Lactobacillus casei subsp. casei 2763 and Lactobacillus curvatus 2771 were also effective at reducing BAs in sauerkraut.21 Researchers have demonstrated the benefits of L. plantarum in a starter culture to decrease levels of BAs in sausages and cheese too.22,23
In another study, researchers found no tyramine present after using the following probiotic bacteria when making douchi (fermented black bean or soybean):
1. Lactobacillus rhamnosus GG (LGG)
2. Lactobacillus casei Shirota (LcS)
3. Escherichia coli Nissle 1917 (EcN)
Black beans were fermented using the three strains anaerobically at 37 or 20 degrees Celsius, with the starter culture strains, temperature, and presence of oxygen critical to controlling the production of harmful BAs.24
Some industrious researchers have even figured out how to inoculate wine with a robust starter culture to prevent the production of biogenic amines.25 L. plantarum has also shown success at keeping BA levels low in wine.26
Busting the myth that you have to avoid fermented foods to limit histamine
To start, it’s important that we correct the current myth circulating all over the internet (and stated in podcasts and in the many books on gut dysbiosis) to avoid fermented foods. They’re not all the same.

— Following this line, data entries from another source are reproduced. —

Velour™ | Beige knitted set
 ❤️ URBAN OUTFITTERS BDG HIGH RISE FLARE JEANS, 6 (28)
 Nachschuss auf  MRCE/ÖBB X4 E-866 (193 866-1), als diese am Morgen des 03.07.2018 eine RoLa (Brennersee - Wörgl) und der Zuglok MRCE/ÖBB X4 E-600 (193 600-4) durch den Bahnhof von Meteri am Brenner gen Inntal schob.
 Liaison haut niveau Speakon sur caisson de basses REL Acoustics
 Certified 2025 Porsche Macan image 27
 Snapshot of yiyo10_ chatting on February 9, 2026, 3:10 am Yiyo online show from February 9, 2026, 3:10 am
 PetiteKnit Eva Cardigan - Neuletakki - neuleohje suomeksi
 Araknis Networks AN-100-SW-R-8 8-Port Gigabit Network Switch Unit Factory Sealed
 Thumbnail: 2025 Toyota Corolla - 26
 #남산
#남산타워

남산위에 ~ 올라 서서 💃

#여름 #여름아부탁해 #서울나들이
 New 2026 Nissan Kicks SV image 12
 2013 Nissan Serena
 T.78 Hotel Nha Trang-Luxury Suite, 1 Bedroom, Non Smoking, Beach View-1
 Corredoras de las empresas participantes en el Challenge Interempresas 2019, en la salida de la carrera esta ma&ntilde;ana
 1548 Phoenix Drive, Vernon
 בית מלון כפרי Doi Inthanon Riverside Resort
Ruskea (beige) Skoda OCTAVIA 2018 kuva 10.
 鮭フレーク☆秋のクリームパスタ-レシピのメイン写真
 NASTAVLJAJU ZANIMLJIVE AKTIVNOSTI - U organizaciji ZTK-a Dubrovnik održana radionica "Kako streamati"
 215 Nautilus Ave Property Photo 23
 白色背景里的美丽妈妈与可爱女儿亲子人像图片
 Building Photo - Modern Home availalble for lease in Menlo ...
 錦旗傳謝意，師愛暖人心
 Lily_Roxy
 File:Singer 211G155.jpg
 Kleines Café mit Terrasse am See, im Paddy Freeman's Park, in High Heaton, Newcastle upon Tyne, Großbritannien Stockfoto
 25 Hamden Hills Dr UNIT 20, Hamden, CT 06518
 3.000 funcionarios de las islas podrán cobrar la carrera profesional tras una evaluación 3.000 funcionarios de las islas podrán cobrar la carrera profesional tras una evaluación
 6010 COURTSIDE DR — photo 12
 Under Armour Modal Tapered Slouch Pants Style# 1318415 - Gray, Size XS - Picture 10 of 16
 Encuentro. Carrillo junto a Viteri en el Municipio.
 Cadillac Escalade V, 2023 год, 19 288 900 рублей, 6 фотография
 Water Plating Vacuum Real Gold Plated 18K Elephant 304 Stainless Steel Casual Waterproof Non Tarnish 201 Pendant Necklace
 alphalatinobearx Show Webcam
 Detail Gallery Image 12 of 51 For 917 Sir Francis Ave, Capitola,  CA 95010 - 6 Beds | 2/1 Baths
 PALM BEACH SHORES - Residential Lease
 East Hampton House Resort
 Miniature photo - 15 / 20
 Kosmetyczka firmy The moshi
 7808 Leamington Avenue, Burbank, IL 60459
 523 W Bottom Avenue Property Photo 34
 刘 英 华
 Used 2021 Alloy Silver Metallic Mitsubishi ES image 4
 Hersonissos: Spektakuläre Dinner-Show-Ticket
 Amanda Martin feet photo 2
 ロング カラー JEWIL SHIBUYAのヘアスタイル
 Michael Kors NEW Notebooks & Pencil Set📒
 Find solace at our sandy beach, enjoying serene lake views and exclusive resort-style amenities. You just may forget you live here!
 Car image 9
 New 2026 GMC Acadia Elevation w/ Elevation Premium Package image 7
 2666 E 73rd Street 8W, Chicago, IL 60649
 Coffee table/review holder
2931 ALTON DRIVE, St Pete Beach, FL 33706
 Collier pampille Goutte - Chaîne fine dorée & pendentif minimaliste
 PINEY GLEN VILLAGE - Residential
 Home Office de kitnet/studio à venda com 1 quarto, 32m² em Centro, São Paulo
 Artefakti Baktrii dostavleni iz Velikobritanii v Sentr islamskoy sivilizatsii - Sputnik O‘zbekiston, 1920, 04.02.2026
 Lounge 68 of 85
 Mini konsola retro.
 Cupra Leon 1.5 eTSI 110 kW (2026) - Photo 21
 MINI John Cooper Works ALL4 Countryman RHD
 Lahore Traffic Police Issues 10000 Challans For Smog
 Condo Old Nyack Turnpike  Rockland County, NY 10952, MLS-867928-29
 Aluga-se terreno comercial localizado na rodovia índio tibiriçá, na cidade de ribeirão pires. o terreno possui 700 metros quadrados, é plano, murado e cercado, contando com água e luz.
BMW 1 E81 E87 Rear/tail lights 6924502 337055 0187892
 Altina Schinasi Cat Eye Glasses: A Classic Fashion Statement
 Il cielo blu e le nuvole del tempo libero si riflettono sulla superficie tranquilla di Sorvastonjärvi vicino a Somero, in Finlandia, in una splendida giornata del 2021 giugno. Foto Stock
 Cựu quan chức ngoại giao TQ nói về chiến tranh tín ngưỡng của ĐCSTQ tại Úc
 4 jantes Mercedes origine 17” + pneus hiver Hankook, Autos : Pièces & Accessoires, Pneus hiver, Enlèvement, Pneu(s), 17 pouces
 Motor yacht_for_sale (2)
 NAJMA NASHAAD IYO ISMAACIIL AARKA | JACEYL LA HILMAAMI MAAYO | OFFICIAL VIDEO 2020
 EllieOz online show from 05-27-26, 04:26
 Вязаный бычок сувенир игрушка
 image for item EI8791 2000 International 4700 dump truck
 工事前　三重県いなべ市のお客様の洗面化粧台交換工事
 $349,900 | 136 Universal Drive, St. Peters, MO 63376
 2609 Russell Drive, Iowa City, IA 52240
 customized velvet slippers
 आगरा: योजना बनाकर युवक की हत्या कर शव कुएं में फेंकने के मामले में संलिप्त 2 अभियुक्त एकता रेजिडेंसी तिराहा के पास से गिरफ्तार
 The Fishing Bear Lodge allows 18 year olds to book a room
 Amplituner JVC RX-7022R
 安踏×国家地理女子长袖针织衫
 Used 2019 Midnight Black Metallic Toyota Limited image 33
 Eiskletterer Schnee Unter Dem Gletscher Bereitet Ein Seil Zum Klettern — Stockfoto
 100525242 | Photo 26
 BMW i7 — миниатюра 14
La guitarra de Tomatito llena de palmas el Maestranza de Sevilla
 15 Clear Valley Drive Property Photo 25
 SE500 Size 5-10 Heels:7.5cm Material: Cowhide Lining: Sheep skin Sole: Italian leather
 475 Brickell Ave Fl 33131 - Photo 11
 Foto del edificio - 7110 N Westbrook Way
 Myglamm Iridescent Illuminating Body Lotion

The experts who make this claim have a very limited understanding of fermented foods and especially the use of starters. They have not done their research. You can’t lump all fermented foods into one bucket. There’s a big difference between kombucha and Body Ecology’s fermented vegetables.
Basically, even if you react to histamine in food, you should still be able to eat cultured veggies made using the Body Ecology Starter Culture with L. plantarum.
What’s more, you can also use that starter to ferment coconut water and to culture butter that will be low in BAs, such as histamine. Once Donna Gates dug into the proof of what she suspected the whole time, it’s been a struggle getting the right information out to the practitioners and the public. So, please help us bust this myth when you can. Perhaps one day, fermented foods will be required to be labeled as high in histamine.
However, if you’re one of those people reacting to histamine in foods, look to the health of your gut. You may have candida, mold, or other bacteria making you histamine-sensitive, and these pathogens need to be eliminated.
To help achieve this, follow this step-by-step course of action:
1. Step one: Remove pathogens first.
2. Step two: Repair the gut lining, which repairs quickly once you remove the source of the infection and inflammation. Initially, do avoid most fermented foods while you focus on healing your gut.
3. Step three: Repopulate your inner ecosystem with key strains of beneficial microbes. Body Ecology’s popular Bifidus Power Blend will be back in stock in October, and our newest Histamine Reducing Probiotic will be available then also. Diversity is essential for a hardy ecosystem, and the hardiest microbes can be found in cultured veggie recipes made the Body Ecology Way.
Our new GI Distress Relief, with the beneficial yeast S. boulardii, has two strains of Bifidus bacteria that have been shown to help with Irritable Bowel problems (IBS). Likewise, EcoPhage is excellent for targeting E.coli overgrowth, often the cause of SIBO.
Your goal at first will be to avoid most fermented and other popular high-histamine foods and drinks — but hopefully, not forever.
As for those BAs in beloved foods that do have histamine — chocolate, nuts and seeds, avocado, tofu, tomatoes, spinach, wheat-free tamari, bacon, deli meat, beer, and wine — if you start by creating a healthy inner ecosystem while initially minimizing or avoiding them in your diet, these foods should one day no longer trigger a high-histamine reaction.
†Note that these figures may vary slightly from batch to batch.